At a policy level, it might even be useful to build on the Interpol model, adding to it an “Infopol” specializing in dealing with cyberspace-based criminal activities, to help optimize the benefits of already existing police information management operations. The current multilateral law enforcement regime (e.g., Interpol) is built on significant information sharing, and a great deal of coordination, both formally (in state-to-state treaties or agreements) and informally (in terms of day-to-day interactions of policing organizations). A policing paradigm should also provide a grassroots basis for broadening the role of international courts of law in the informational domain—a key principle in building a global noosphere. As desirable as this approach seems, it would have difficulty in dealing with the problem of noncompliance by recalcitrant states asserting their sovereign rights. Thus, this framework would also have to include
significant intelligence capabilities to identify and cope with the problem of noncompliance. The most serious aspect of noncooperation would be that just a few “defectors” from the envisioned international regime, providing “havens” for malefactors, could compromise overall information security,
damaging the global economy and weakening nascent international legal cooperation. This difficulty could arise if a state decided that its national interests overrode commitments to some international “public good.” Alternately, some nonstate actors (e.g., transnational criminal organizations, or TCOs) might have little reason to cooperate with multilateral agreements. Indeed, these nonstate actors might profit by defying the cooperative regime; and they might then attract some states to align with them, providing “pirate nets” to provide for their information infrastructural requirements.

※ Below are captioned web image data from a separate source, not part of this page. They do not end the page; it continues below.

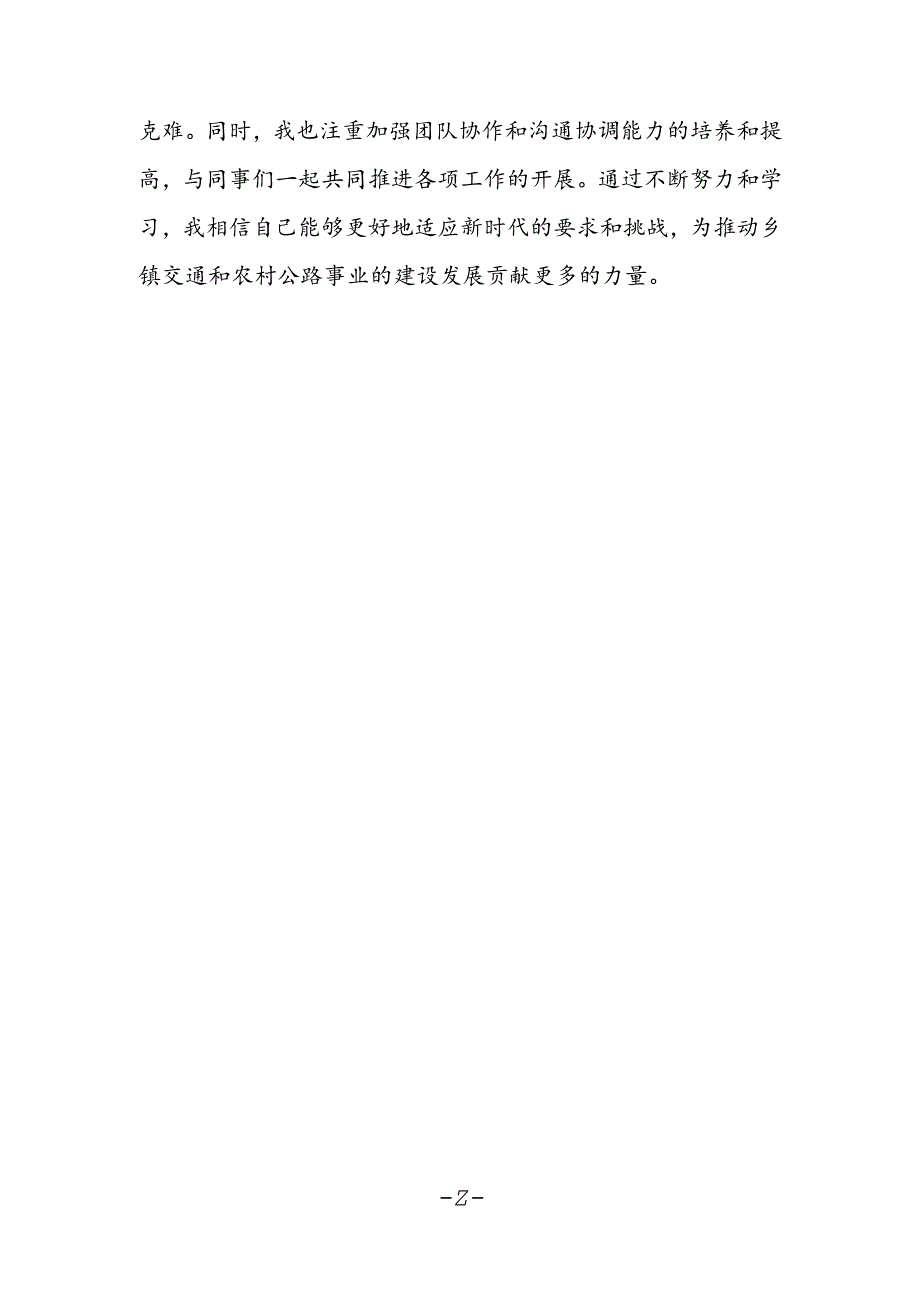 乡镇交通干事学习贯彻党的二十届三中全会精神心得体会感想.docx_第2页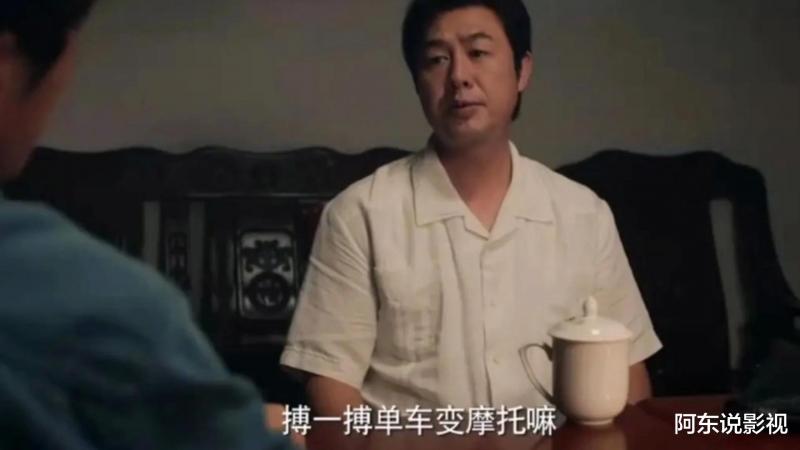 一人的表演拖垮全剧，《猎冰》中的2位败笔演员，换掉他们就好了（激战江南全部演员表名单）-第14张图片-九妖电影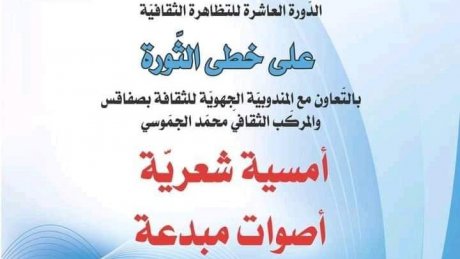 على خطى الثورة... غدا في صفاقس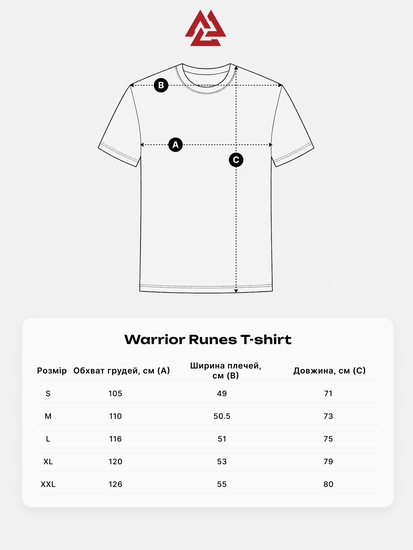 Warrior Runes T-shirt White, Photo № 9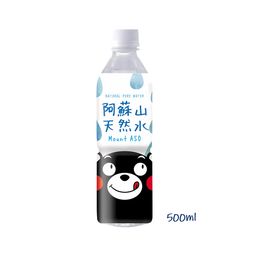 阿蘇山天然水 500ml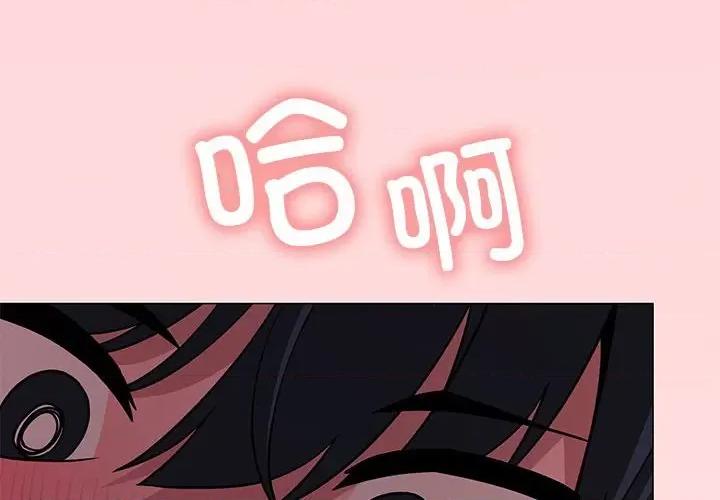 缺德邻居难相处 缺德邻居难相处-缺德邻居难相处 第7话 第2页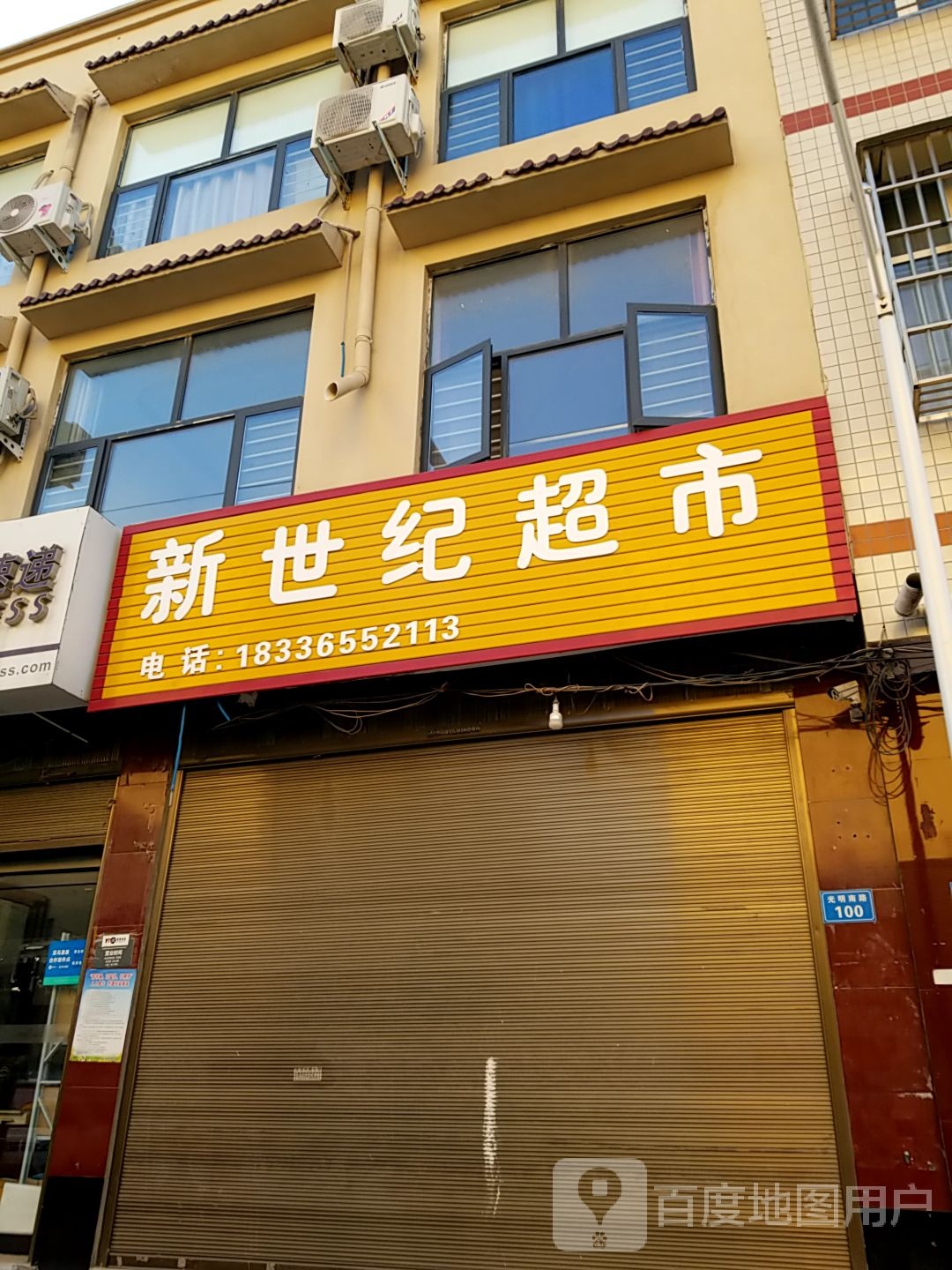 太康县新世纪超市(光明南路店)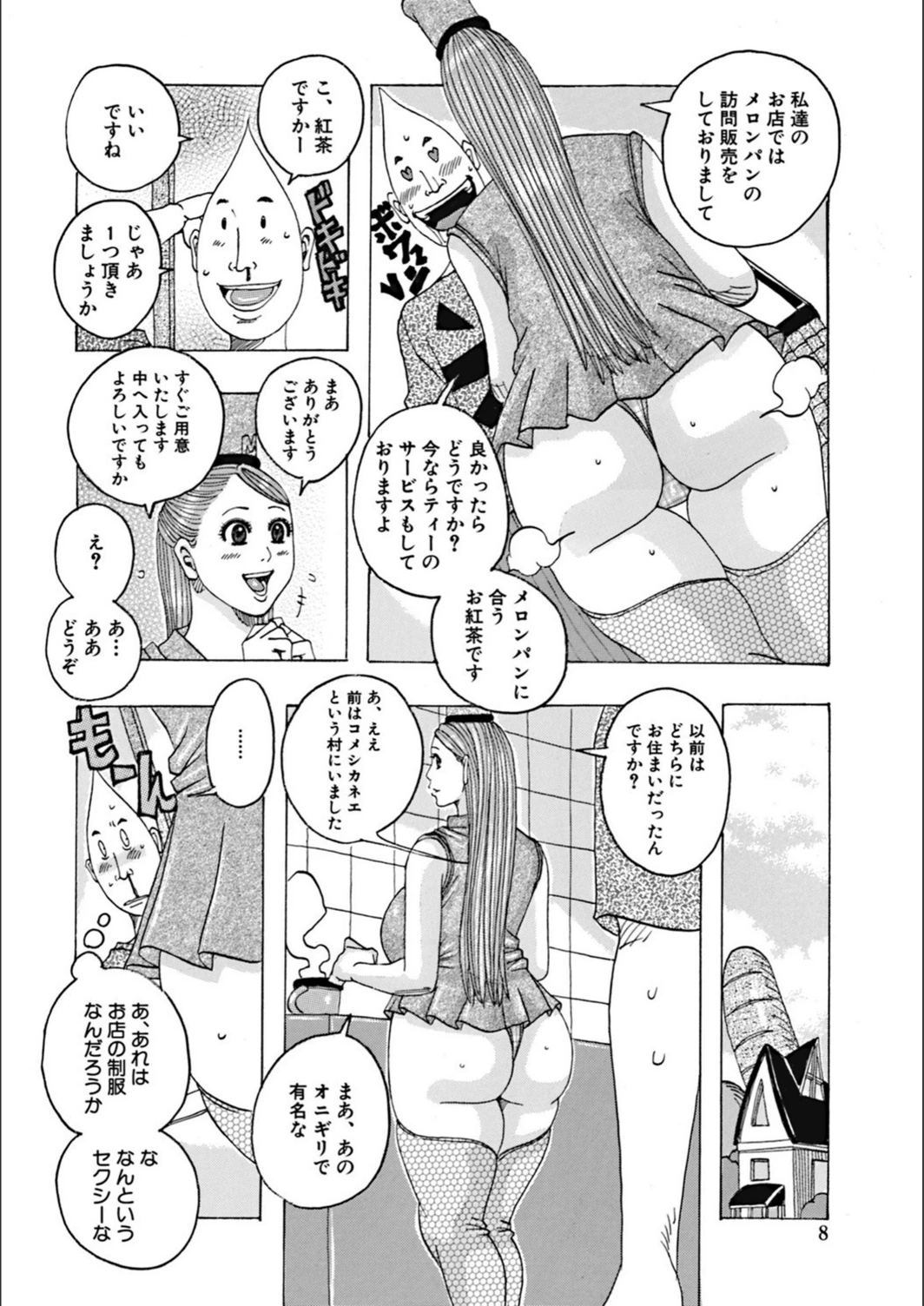 試し読み 7枚目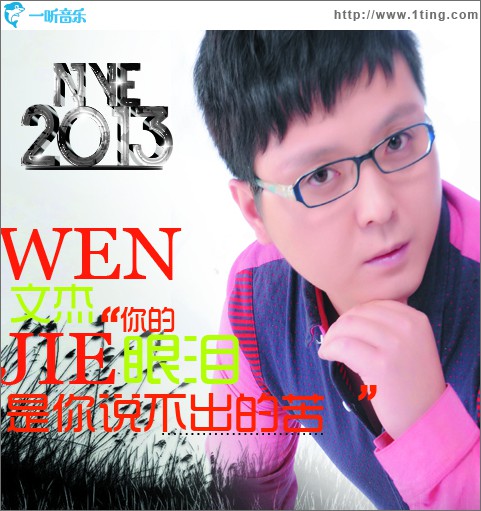 你的眼淚是你說不出的苦(EP)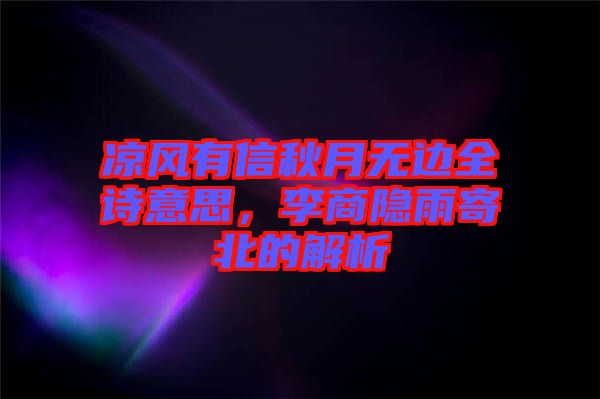 涼風有信秋月無邊全詩意思，李商隱雨寄北的解析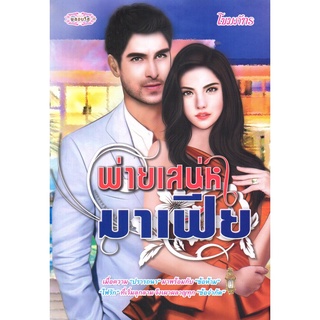 หนังสือ นิยาย พ่ายเสน่หามาเฟีย : นิยาย นิยาย18+ นวนิยาย นิยายรัก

Also, some states might be motivated to support defiance of an international cooperative regime simply because they fear the growth of transnational, or possibly supranational, authority—or because they feel that the “wiring of the world” might simply make the rich nations richer, widening the gap between the “haves” and “havenots.” Thus, efforts to knit together an information-driven economic- legal regime might engender its own “backlash,” which might also affect the military-security realm. Finally, even among states inclined to cooperate, there might be reluctance to agree to a regime in which, say, encryption afforded a great degree of protection to electronic commerce, but only at the price of allowing supranational bodies that would act as “key escrow agents.” The other side of this issue is that many states might balk, as the United States has, at the notion of providing unbreakable encryption to individuals and commercial concerns, since this would restrict the surveillance capabilities (and therefore, the power) of the state. If U.S. policymakers are to be persuaded to encourage and nurture the development of the noosphere, the potential constraints that a global noosphere would impose upon American power would have to be carefully analyzed and weighed against the overall benefits.
Concerning advanced hardware, however, there is eagerness, throughout the world, to see the diffusion of high-performance computers (HPCs). The United States has a controlling position in the world market; therefore, the economic gains from wide sales of these machines are substantial. However, HPCs can also be used as a covert means to refine nuclear devices, as well as to aid in the development of other arms, including strategic information warfare
weaponry. Thus, the tension in this case between prospects for commercial gain and new worries about weapons diffusion will likely be managed only by an information strategy designed to maintain the equilibrium between competing economic and security values. Currently, official U.S. policy leans heavily toward openness—in large part because of early assessments that guardedness was infeasible in this area, since the United States is not able to control the diffusion of HPC technology (Goodman, Wolcott, and Burkhart, 1995). This view has been disputed (Arquilla, 1996), and the General Accounting Office, after conducting its own study of the matter, has recently concluded that more-guarded approaches are indeed workable.
The key point from this example is that, by adopting a strategy grounded in guarded openness, policymakers might become habituated to seeking out “blended” solutions, and become less susceptible to assessments that rule out from the start either of these aspects of information strategy.